「中国で起業し、海外で展開するスタートアップ」モデルが広がりつつある
張は、「中国発で海外で展開するスタートアップ」のモデルケースとして、メタが約20億ドル(約3200億円)で買収を提案したAIスタートアップ「Manus」を挙げる。同社は、中国で創業された後にシンガポールへ拠点を移していた(ただし、Manusをめぐっては、米国VCのBenchmarkによる出資を米規制当局が精査した。また中国当局は、買収に関する規制審査のため、共同創業者2人を出国禁止としたと報じられている)。
張は、「中国国内から真にグローバルな企業を築くのは難しい」と述べている。中国のテックエコシステムは基本的に国内で完結しており、そこで開発されたソフトウェアの多くは国内市場向けにとどまるからだ。
「トップレベルのアスリートは、地元の試合で勝つためだけではなく、オリンピックで戦うことを目指して力を磨いている。AI時代のインフラを構築するテクノロジー企業にとって、シリコンバレーは我々にとってのオリンピックの舞台だ。我々は最高レベルの競争に挑みたい」と張は語る。
この2年で少なくとも100人の中国人起業家が、米国への移転を検討
張は、現在米国への移転を進めている中国人のスタートアップ創業者が、自身の周囲だけでも20人近くいると語る。
かつてアリババでプロダクト責任者を務め、現在はVCのSancus Venturesを創業したレイク・ダイも、この動きはより広範に広がっていると指摘する。この2年間で少なくとも100人の中国人起業家が米国への移住について彼女に相談してきたという。海外資本が中国から距離を置き始めたことでベンチャー投資は減少し、創業者は国外の市場を検討せざるを得なくなっている(なお、ダイはDifyの投資家ではない)。

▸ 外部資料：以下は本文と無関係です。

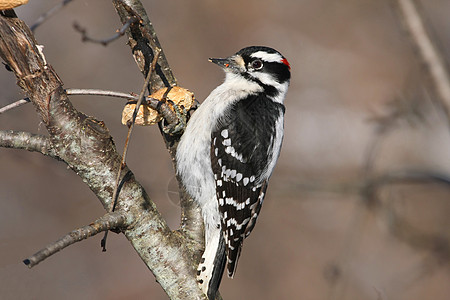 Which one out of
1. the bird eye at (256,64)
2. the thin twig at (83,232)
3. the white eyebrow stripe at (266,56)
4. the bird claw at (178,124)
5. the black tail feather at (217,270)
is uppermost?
the white eyebrow stripe at (266,56)

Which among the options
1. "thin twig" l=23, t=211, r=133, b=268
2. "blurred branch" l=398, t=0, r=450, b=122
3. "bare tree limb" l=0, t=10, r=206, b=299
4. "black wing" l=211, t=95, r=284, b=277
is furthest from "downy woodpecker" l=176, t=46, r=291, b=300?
"blurred branch" l=398, t=0, r=450, b=122

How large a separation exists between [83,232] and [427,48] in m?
1.43

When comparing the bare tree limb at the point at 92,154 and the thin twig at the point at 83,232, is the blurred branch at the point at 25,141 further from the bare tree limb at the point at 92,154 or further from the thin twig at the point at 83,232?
the thin twig at the point at 83,232

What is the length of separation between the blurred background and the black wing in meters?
2.26

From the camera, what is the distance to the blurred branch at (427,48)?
5.03ft

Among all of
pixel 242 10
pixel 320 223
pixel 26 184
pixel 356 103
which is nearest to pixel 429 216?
pixel 320 223

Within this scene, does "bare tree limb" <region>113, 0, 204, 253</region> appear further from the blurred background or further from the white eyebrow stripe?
the blurred background

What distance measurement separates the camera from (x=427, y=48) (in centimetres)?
161

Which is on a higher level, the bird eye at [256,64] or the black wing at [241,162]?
the bird eye at [256,64]

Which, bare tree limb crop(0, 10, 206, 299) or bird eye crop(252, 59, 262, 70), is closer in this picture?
bare tree limb crop(0, 10, 206, 299)

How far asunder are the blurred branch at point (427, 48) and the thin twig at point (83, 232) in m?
1.40

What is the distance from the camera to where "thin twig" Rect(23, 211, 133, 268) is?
182 cm

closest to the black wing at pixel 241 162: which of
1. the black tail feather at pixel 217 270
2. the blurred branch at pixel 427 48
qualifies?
the black tail feather at pixel 217 270

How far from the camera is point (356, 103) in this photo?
8812 mm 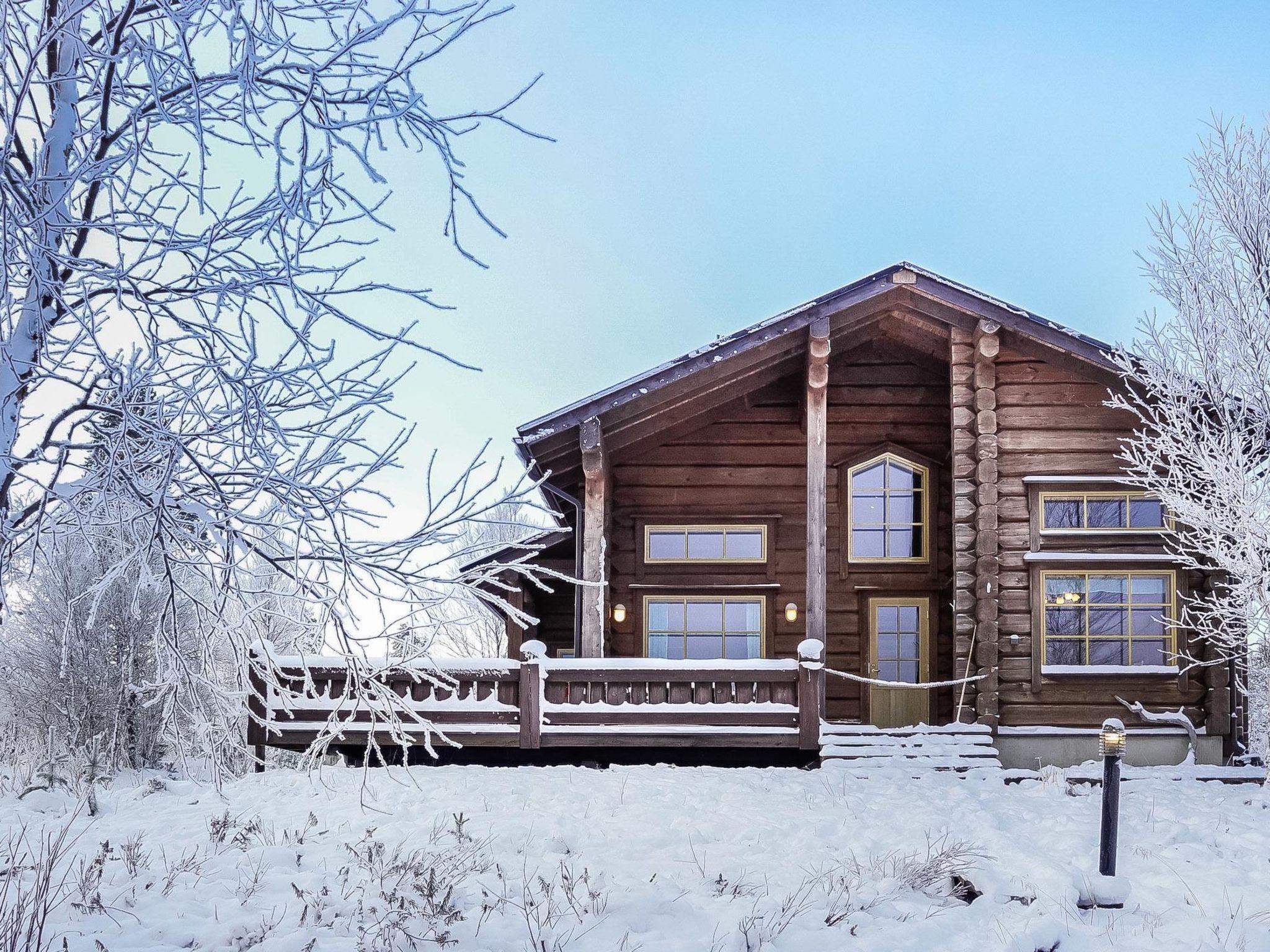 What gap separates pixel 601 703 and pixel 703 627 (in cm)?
306

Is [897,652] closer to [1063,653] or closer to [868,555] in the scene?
[868,555]

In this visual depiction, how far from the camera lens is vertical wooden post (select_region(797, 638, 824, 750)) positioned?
36.4 ft

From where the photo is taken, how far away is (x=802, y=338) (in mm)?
13078

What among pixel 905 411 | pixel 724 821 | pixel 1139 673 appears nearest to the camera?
pixel 724 821

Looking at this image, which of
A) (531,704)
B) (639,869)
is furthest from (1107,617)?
(639,869)

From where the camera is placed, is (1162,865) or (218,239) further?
(1162,865)

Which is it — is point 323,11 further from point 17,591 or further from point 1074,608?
point 17,591

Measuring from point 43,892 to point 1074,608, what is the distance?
12.0 m

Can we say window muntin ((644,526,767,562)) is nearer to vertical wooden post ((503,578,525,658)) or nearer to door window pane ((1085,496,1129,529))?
vertical wooden post ((503,578,525,658))

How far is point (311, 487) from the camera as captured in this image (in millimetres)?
3521

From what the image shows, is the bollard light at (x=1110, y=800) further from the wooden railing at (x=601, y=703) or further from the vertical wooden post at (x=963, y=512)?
the vertical wooden post at (x=963, y=512)

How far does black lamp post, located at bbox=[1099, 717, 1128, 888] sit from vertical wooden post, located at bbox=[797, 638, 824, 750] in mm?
4803

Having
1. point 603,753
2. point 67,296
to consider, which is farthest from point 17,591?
point 67,296

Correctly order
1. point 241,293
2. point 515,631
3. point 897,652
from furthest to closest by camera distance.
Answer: point 515,631 → point 897,652 → point 241,293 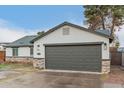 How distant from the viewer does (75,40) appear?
51.1ft

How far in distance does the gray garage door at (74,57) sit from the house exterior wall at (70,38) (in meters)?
0.45

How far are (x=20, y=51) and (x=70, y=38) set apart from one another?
9.30m

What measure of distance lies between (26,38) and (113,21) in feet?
43.4

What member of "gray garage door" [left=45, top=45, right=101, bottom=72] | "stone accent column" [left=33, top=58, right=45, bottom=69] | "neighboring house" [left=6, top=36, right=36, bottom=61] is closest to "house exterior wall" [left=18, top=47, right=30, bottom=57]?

「中国人の創業者は、現在米国に移りつつある。ここ数年で、その動きは加速している」とダイは語る。
もっとも、誰もがTikTokのような状況を避けたいと考えている。中国企業としての所有構造をめぐる長年の監視の末、TikTokは一時的に米国でサービス停止に追い込まれ、最終的には禁止措置を回避するために米国事業の売却を余儀なくされた。こうした反発を避けるため、多くのスタートアップは創業者が中国出身であることよりも、自社のプロダクトの中身を強調するようにしている。「早い段階でレッテルを貼られたくないからだ」とダイは言う。

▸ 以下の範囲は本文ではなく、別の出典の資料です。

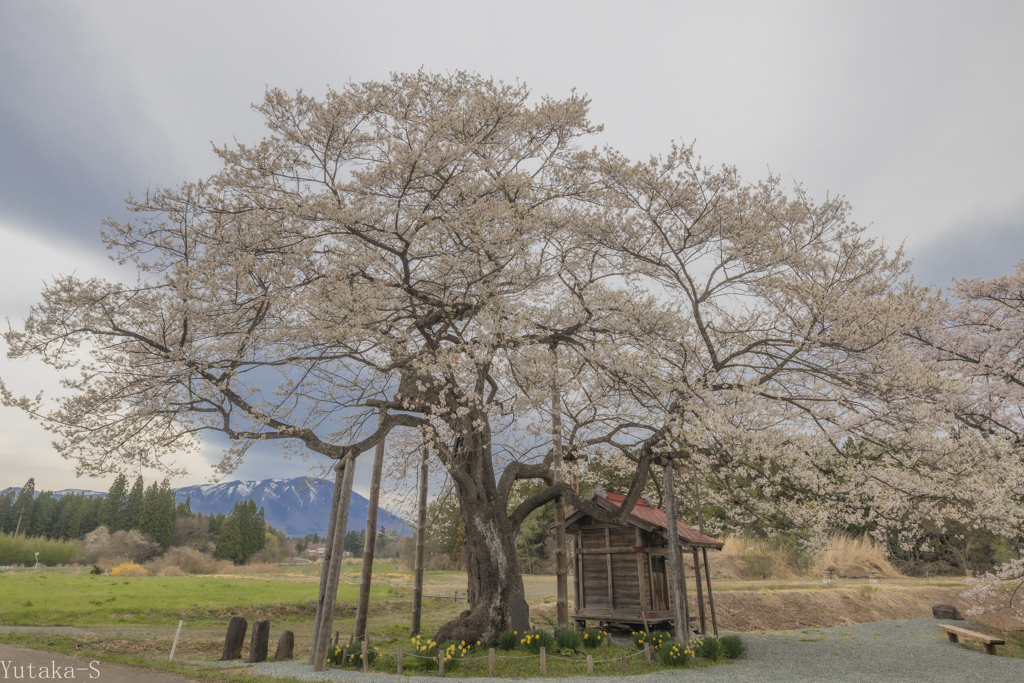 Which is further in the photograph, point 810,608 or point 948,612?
point 810,608

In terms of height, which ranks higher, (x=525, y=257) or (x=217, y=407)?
(x=525, y=257)

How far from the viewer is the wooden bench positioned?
13927 millimetres

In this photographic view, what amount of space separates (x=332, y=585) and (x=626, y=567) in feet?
30.1

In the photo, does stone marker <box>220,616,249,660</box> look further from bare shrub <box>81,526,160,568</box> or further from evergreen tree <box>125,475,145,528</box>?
evergreen tree <box>125,475,145,528</box>

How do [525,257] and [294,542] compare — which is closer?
[525,257]

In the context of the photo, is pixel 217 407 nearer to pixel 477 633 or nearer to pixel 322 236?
pixel 322 236

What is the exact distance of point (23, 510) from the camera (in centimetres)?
6744

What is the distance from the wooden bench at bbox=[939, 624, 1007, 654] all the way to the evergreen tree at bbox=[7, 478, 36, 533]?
90071 millimetres

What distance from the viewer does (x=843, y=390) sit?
34.7 ft

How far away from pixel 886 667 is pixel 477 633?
9.57m

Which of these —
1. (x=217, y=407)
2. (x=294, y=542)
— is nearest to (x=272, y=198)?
(x=217, y=407)

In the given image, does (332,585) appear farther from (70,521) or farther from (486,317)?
(70,521)

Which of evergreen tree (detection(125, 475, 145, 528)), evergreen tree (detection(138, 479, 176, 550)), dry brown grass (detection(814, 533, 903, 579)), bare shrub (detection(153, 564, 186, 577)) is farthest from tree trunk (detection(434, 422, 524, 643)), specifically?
evergreen tree (detection(125, 475, 145, 528))

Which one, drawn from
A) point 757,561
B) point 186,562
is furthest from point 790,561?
point 186,562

中国に開発チームを置き、海外で採用を進めるハイブリッド型の体制
一方、中国生まれのスタートアップにとって、成長戦略をどう描くかは依然として難しい課題だ。Difyは中国発であることを隠していないが、張によればベイエリアや東京で積極的に採用を進める一方、60人規模の中核となるオープンソースのエンジニアチームは依然として中国に置いている。他のスタートアップも同様に、中国に開発の中核を残しつつ、カスタマーサポートや営業などのチームを海外で採用するハイブリッド型の体制を取っている。OpusClipやHeyGenのように、完全に中国国外へ移転した企業もある。